Direktorat Jenderal Pemasyarakatan Perbaiki Kinerja
Oleh
Andy Riza Hidayat
·3 menit baca
JAKARTA, KOMPAS - Direktorat Jenderal Pemasyarakatan berupaya mencegah peredaran narkoba di lingkungan pemasyarakatan. Penerapan sanksi dan evaluasi, sejauh ini, dinilai efektif untuk memperbaiki kinerja petugas pemasyarakatan yang terindikasi memuluskan peredaran narkoba.
Kepala Bagian Humas Direktorat Jenderal (Ditjen) Pemasyarakatan Kementerian Hukum dan Hak Asasi Manusia Ade Kusmanto berterima kasih atas kritik yang disampaikan Deputi Bidang Pemberantasan Badan Narkotika Nasional (BNN) RI Irjen Pol Arman Depari.

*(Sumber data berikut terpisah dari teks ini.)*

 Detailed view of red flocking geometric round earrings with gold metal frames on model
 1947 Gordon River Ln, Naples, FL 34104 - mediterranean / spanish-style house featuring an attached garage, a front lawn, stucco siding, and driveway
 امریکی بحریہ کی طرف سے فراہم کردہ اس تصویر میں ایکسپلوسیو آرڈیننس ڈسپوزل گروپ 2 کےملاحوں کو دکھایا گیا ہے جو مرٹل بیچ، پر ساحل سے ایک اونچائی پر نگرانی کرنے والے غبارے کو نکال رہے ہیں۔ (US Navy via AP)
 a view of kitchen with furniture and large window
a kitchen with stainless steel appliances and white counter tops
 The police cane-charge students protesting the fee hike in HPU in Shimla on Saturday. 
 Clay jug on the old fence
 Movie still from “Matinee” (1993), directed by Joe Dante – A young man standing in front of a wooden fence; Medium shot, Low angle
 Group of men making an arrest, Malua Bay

Arman menyampaikan kekecewaannya pada Ditjen Pemasyarakatan yang dinilai belum melakukan aksi signifikan dalam mencegah aktivitas pengendalian narkoba dari dalam pemasyarakatan. Pernyataan itu disampaikan dalam konferensi pers penemuan puluhan ribu butir ekstasi dari Jerman di Jakarta, Senin (4/3/2019). BNN menyebut, peredaran barang ilegal itu dikendalikan seorang narapidana di satu lembaga pemasyarakatan di Jakarta.

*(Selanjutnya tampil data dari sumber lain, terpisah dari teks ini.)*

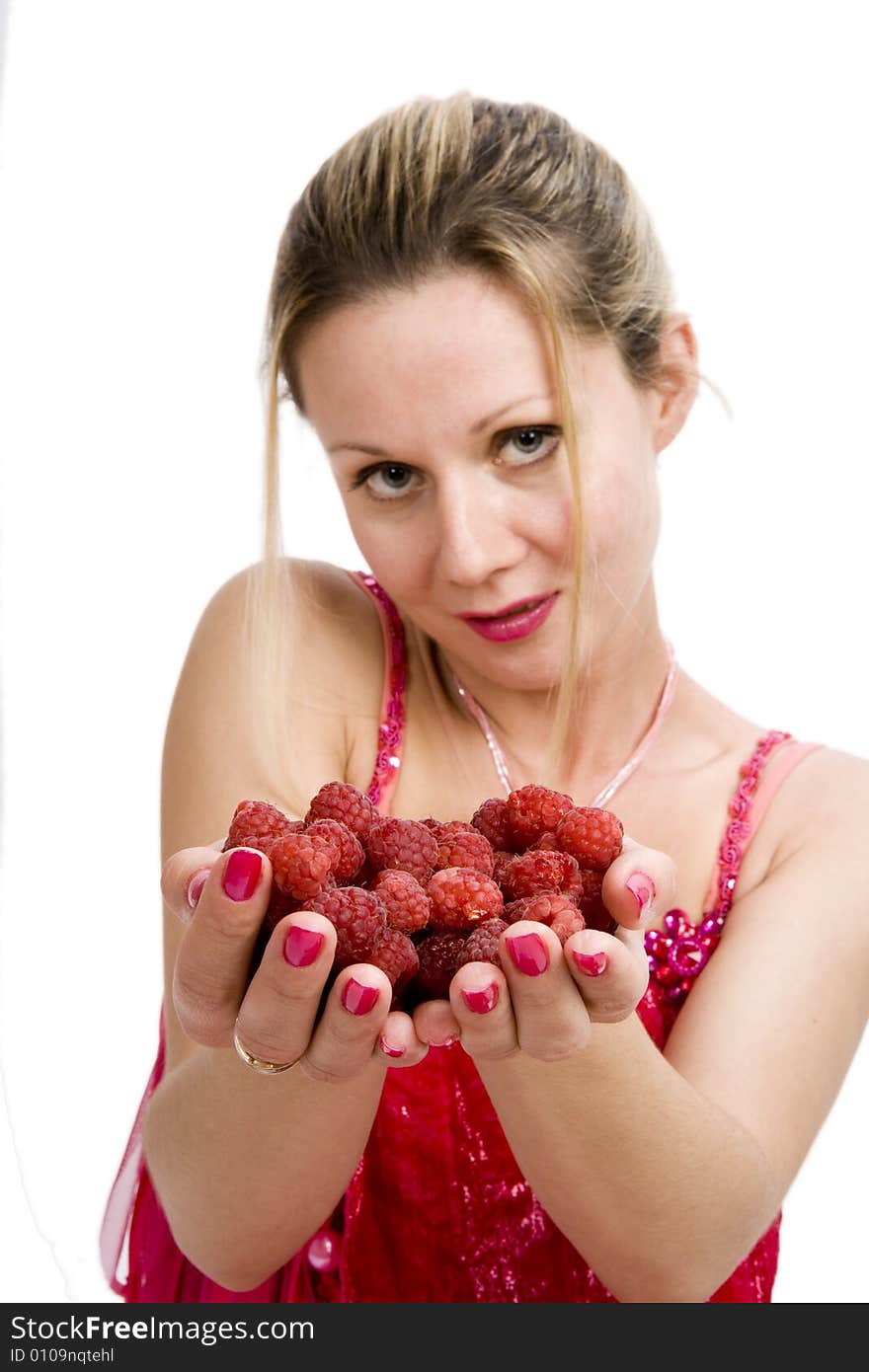 Long hair blonde woman in red with whole  palms of raspberries. Long hair blonde woman in red with whole  palms of raspberries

"Kami berterima kasih atas kritik yang membangun. Kami terus berbenah agar tata kelola lapas dan rumah tahanan di Indonesia sesuai dengan yang diharapkan masyarakat," ujarnya saat ditemui di Kantor Ditjen Pemasyarakatan di Jakarta, Jumat (8/3/2019).
Menurutnya, pembenahan semakin tegas dilakukan sejak adanya Permenkumham Nomor 35 Tahun 2018 tentang Revitalisasi Penyelenggaran Pemasyarakatan. Peraturan itu antara lain mengatur tujuan revitalisasi dalam penyelenggaraan pengamanan pada rutan dan lapas. Hal itu termaktub dalam Pasal 2 huruf d.

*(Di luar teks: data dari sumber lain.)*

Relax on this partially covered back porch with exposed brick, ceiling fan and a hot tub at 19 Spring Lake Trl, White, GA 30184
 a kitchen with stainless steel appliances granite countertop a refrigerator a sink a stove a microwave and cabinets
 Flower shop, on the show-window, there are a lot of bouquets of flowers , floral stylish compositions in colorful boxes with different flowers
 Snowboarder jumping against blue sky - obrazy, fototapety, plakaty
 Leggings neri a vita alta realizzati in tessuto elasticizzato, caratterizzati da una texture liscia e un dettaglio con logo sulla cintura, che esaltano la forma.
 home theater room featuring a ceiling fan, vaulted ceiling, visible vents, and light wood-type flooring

Adapun upaya spesifik yang diterapkan pada petugas untuk mencegah peredaran narkoba adalah dengan melakukan evaluasi kepada kepala rutan atau lapas, memutasi hingga memecat petugas, sampai memidanakan petugas yang terbukti terlibat tindak pidana narkoba.
"Pencopotan jabatan bisa menimbulkan efek jera, loh. Tapi, ini kembali lagi pada integritas petugas kami. Kami Ditjen Pemasyarakatan selalu mengawasi jajaran kami di wilayah dan unit pelaksana teknis agar terus berbenah," lanjut dia.
Banyak faktor
Kepala Pusat Riset Ilmu Kepolisian dan Kajian Terorisme Universitas Indonesia, Benny Mamoto, mengidentifikasi banyak faktor. Pertama, mengenai kewenangan anggaran dan sumber daya manusia yang membatasi optimalisasi kerja petugas.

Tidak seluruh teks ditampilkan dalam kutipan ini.